London, Seminar Works by Cézanne, Modigliani, Giacometti, Gris, Braque & Moore

A broad array of jewel-like, museum quality works with exceptional provenance, many of which are coming to the market for the first time in several generations, lead Christie’s Impressionist and Modern Art Evening Sale in London on 4 February 2015.

London, Seminar Works by Cézanne, Modigliani, Giacometti, Gris, Braque & Moore

Epitomising the creative dynamism, developments and influential legacy of the leading artists in the category, the sale presents a total of 44 works led by Vue sur L’Estaque et Le Château d’If, circa 1883-1885, by Paul Cézanne, a masterpiece which is coming to the market for the first time since it was acquired in 1936 by Samuel Courtauld, the founder of the illustrious Courtauld Gallery and Institute of Art in London (estimate: £8-12 million, illustrated above centre).Further exceptional works from important collections include: a group of works from A Distinguished European Collection led by Amedeo Modigliani’s rare double portraitLes deux filles, 1918 (estimate: £6-8 million, illustrated above left), and Femme de Venise V by Alberto Giacometti (estimate: £6-8 million), La Lampe, 1914, by Juan Gris which is considered to be among the artist’s greatest contributions to Cubism (estimate: £2.5-3.5 million, illustrated above right); Paysage à L’Estaque, 1907, by Georges Braque (estimate: £2-3 million) from A Distinguished Private Collection; key works by Erich Heckel, Ernst Ludwig Kirchner and Karl Schmidt-Rottluff from The Collection of Carl Hagemann; and Three Piece Reclining Figure No. 2 (Bridge Prop) from A Private German Collection (estimate: £2-3 million). Christie’s overall evening of Impressionist, Modern and Surrealist Art on 4 February has a total pre-sale estimate of £92.8 million to £133.8 million.

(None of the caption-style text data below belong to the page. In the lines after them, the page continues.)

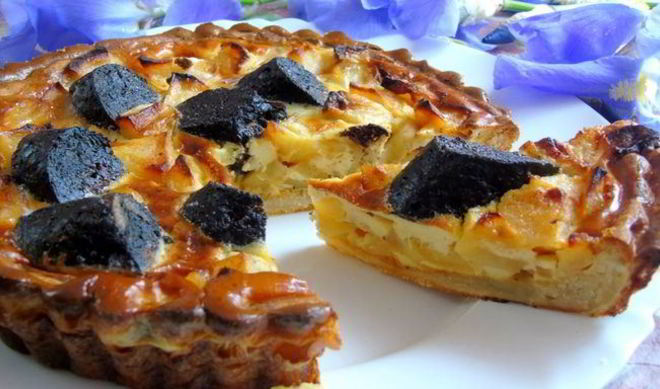 Тарт с яблоками и Boudin Noir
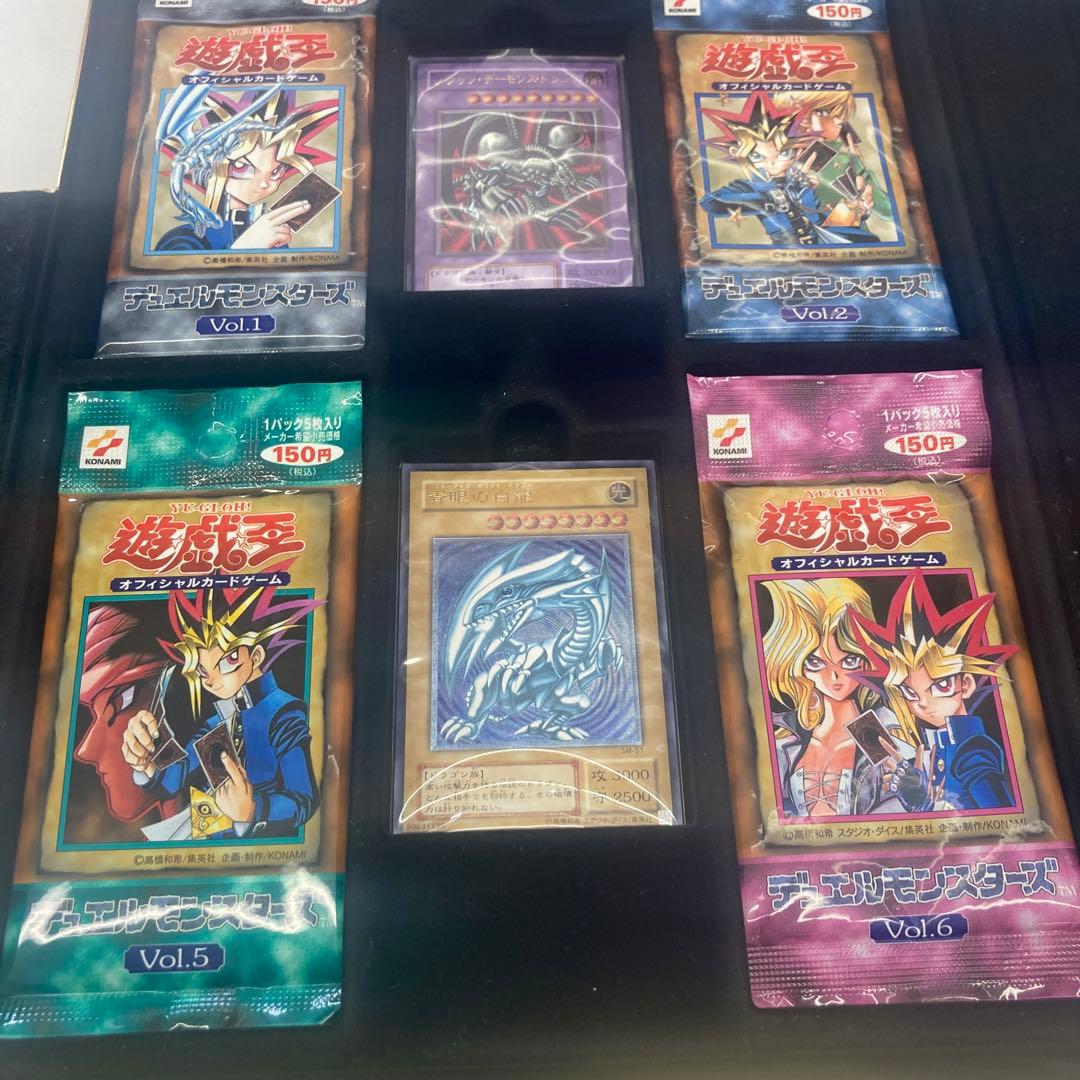 遊戯王■Vol.1-Vol.7未開封レリブル青眼の白龍レリーフ真紅眼の黒竜セット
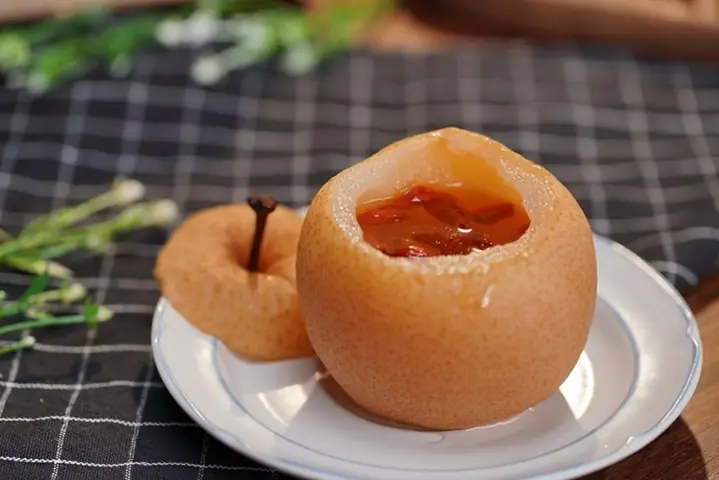 10Lê chưng táo cho bé ăn dặm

Vue sur L’Estaque et Le Château d’If by Paul Cézanne is a masterpiece which is coming to the market for the first time since it was acquired in 1936 by Samuel Courtauld, the founder of the illustrious Courtauld Gallery and Institute of Art in London (estimate: £8-12 million, illustrated left). The painting remained in Courtauld’s private collection throughout his lifetime and following his generous bequest to the Courtauld Gallery. This magisterial work was painted circa 1883-1885, during one of the last visits that Cézanne made to L’Estaque, a fishing port and small seaside resort in his native Provence, where he sought inspiration repeatedly from the mid-1860s. This is a rare example on a vertical canvas of Cézanne’s treatment of this iconic motif; the format lends the composition a remarkable depth of perspective and concentration of colour and form.


24 Modern and Surrealist works presenting Reality and Surreality: A Twentieth Century Dialogue will be auctioned across The Impressionist and Modern Art Evening Sale and Art of the Surreal Evening Sale on 4 February 2015 in London. Following the recent sale of Francis Bacon’s major portrait Seated Figure (Red Cardinal), which was sold from the same collection in New York on 12 November for $45 million/£28 million, these Modern and Surrealist works are offered along with a group of six Post-War art works as Property from A Distinguished European Collection. Highlighting the flair and vision underpinning the collection, these works present the market with an inspiring, thought provoking and rich journey, showcasing important examples by Modigliani, Miró, Magritte, Picasso, Giacometti, Moore, Fontana and others. The full collection of 31 twentieth century works of art is expected to realise a combined total in excess of £64 million ($100 million). The modern works are led by Amedeo Modigliani’s Les deux filles, 1918, a rare double portrait by the artist which is offered at auction for only the second time, having previously been in the same family collection for over 90 years (estimate: £6-8 million, illustrated right) and Femme de Venise V by Alberto Giacometti which was conceived in 1956 and cast in the artist’s lifetime; with an extraordinarily rich brown and green patina the bronze belongs to the renowned series of sculptures created for the Venice Biennale of the same year (estimate: £6-8 million).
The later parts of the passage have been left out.